The recovery community is constantly fighting to break the stigma of addiction. The last thing I want to do is wrestle the word away from influencers who want to convert sobriety into a behavioral spectrum that they get to land on just so for the Gram.
In short, we need to stop using the word “sober” for things that are not. It is okay to change your relationship with alcohol and other substances, to use less, and to meet people where they are at in their recovery process.
Just don’t call it sobriety.
Addiction and substance abuse are complex.
I have no idea if moderation (let’s call it what it is) will work for Demi Lovato. I hope it does. She’s been through hell and I want her to find peace.

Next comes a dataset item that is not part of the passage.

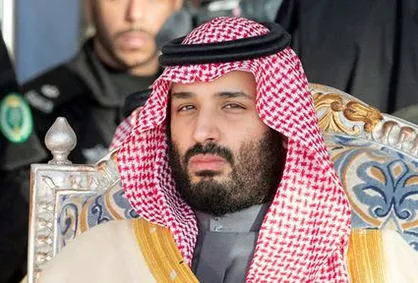 زندان مخوف ۱۰ طبقه، زیر پای بن سلمان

Statistically, the odds for moderating long term are not in her favor. Most of us know, deep down, that if we try to drink again, it will not end well for us.
But maybe she will succeed. I am not an addiction specialist. There are people far more educated than me who know about the efficacy of harm reduction. It’s not the route I took.
What I do know is how it feels to be a person living in active addiction. I know the mental gymnastics we perform to get out of quitting for good.
Coining phrases that allow sobriety to become squishy is dangerous. We should stop doing it immediately. There are ways to label moderation that do not involve co-opting sobriety.
If you are moderating, say that. If you are cutting back your drinking to special occasions only, say that. Because the strictly abstinent definition of sobriety saves lives. It is foundational.
And if you are a person in a position of power or influence talking about these issues, you have a responsibility to our community to respect that.